Nevertheless, economic and trade relations continued to expand in both absolute and relative terms, leading to the signing of a Free Trade Agreement between the two countries in 1999. At present, both countries are cooperating and forming alliances in a number of areas of mutual interest, such as fighting the drug trade along their common border and combating Afghan tribal insurgency along their border.

Iran has been a respected, popular, and favoured nation among Pakistanis, with 76% of Pakistanis viewing their western neighbour positively, making Pakistan the most pro-Iran nation in the world.
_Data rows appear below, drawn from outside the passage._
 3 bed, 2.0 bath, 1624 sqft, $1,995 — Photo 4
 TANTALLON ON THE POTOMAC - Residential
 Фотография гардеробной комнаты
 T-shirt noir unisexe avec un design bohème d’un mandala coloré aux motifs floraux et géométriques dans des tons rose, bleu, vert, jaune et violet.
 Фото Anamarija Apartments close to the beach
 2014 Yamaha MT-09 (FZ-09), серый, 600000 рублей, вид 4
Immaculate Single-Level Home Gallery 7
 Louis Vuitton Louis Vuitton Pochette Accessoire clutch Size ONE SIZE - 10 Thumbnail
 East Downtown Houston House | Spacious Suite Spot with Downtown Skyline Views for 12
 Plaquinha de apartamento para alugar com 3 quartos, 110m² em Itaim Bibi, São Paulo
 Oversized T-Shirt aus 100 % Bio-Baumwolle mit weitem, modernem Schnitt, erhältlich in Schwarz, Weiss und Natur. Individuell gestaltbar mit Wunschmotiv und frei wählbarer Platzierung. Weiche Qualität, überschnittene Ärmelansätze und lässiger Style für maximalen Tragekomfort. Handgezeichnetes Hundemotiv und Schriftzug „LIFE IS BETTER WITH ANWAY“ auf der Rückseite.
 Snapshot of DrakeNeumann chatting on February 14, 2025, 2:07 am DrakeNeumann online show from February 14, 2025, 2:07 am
Defence analyst Lt. General Amjad Shoaib (retd) said Pakistan will definitely perform advisory role in Saudi-led military alliance but other countries have their own political significance in the world. “Pakistan needs a cautious foreign policy in this regard because we need to sustain our relations with Iran,” he said. General Shoaib said the upcoming visit of Iranian President to Pakistan will improve the bilateral ties.

Zafar Jaspal, a senior political analyst, said Pakistani leadership has adopted a rational approach to the Middle East crisis up till now. “I am optimistic Pakistan will be successful in reducing the tension between the two Muslim countries,” he added.